▶ _Your task_: Please write out the whole listing that follows exactly; the pictures stay out.

▶ _Dataset content_:
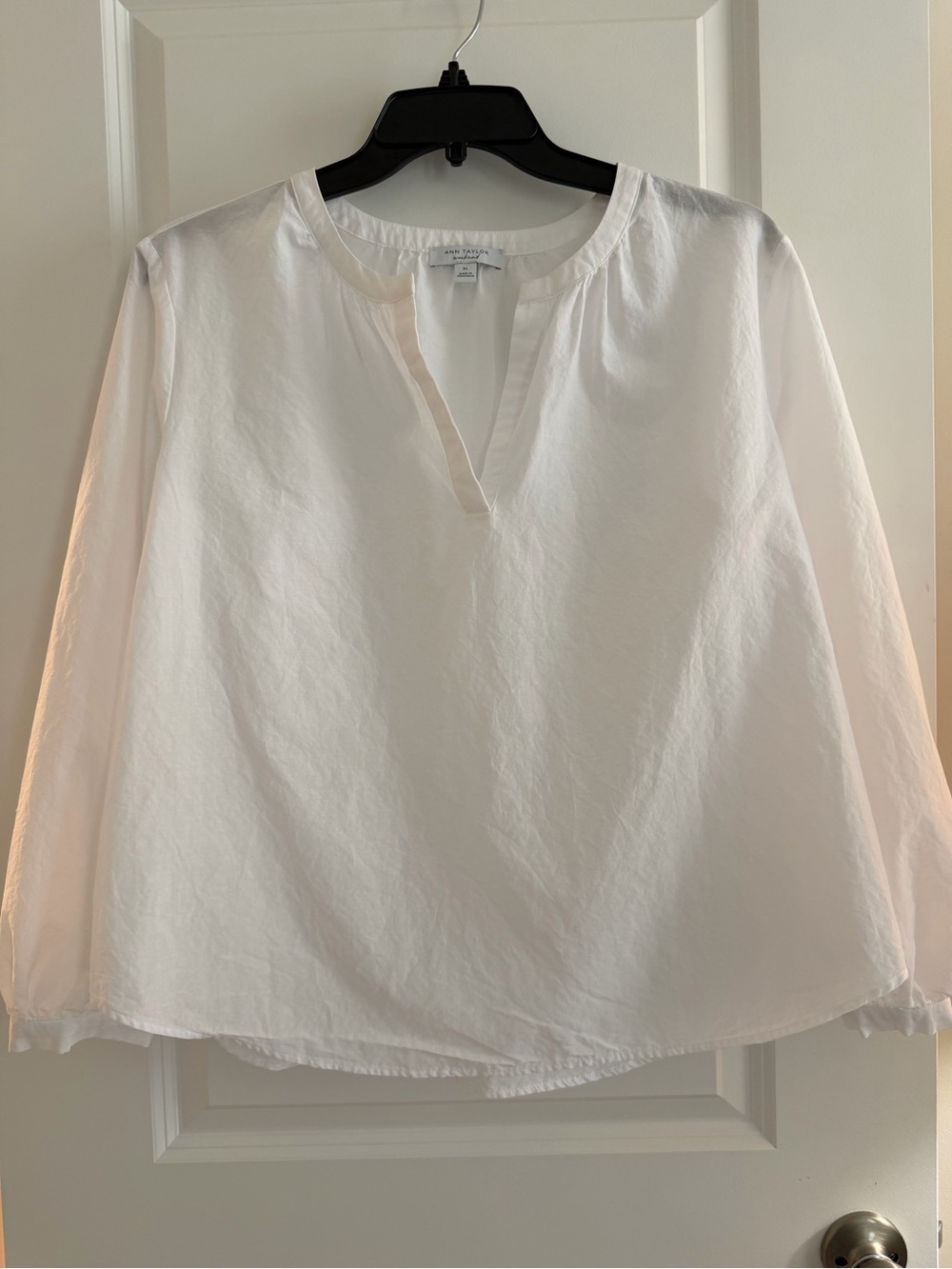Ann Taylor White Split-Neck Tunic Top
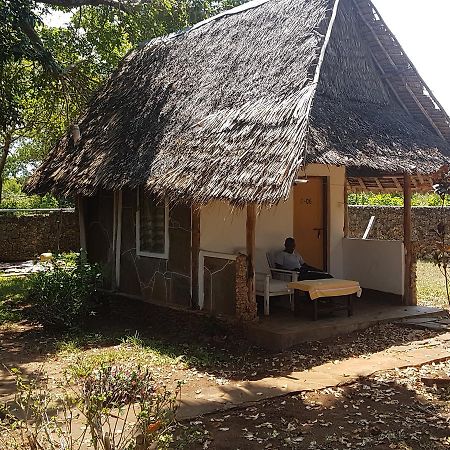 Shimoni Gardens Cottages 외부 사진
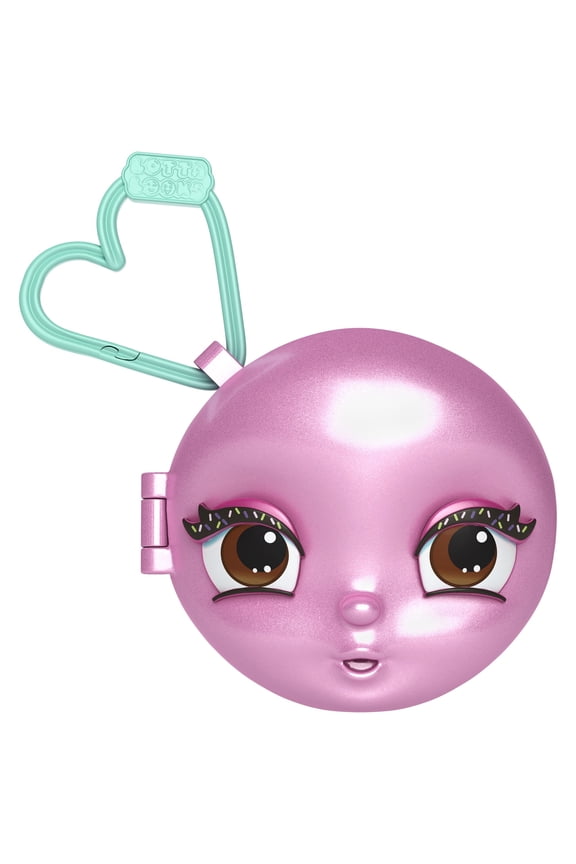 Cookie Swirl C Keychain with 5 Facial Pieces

▶ _Answer to the problem_:
Ann Taylor White Split-Neck Tunic Top
 Shimoni Gardens Cottages 외부 사진
 Cookie Swirl C Keychain with 5 Facial Pieces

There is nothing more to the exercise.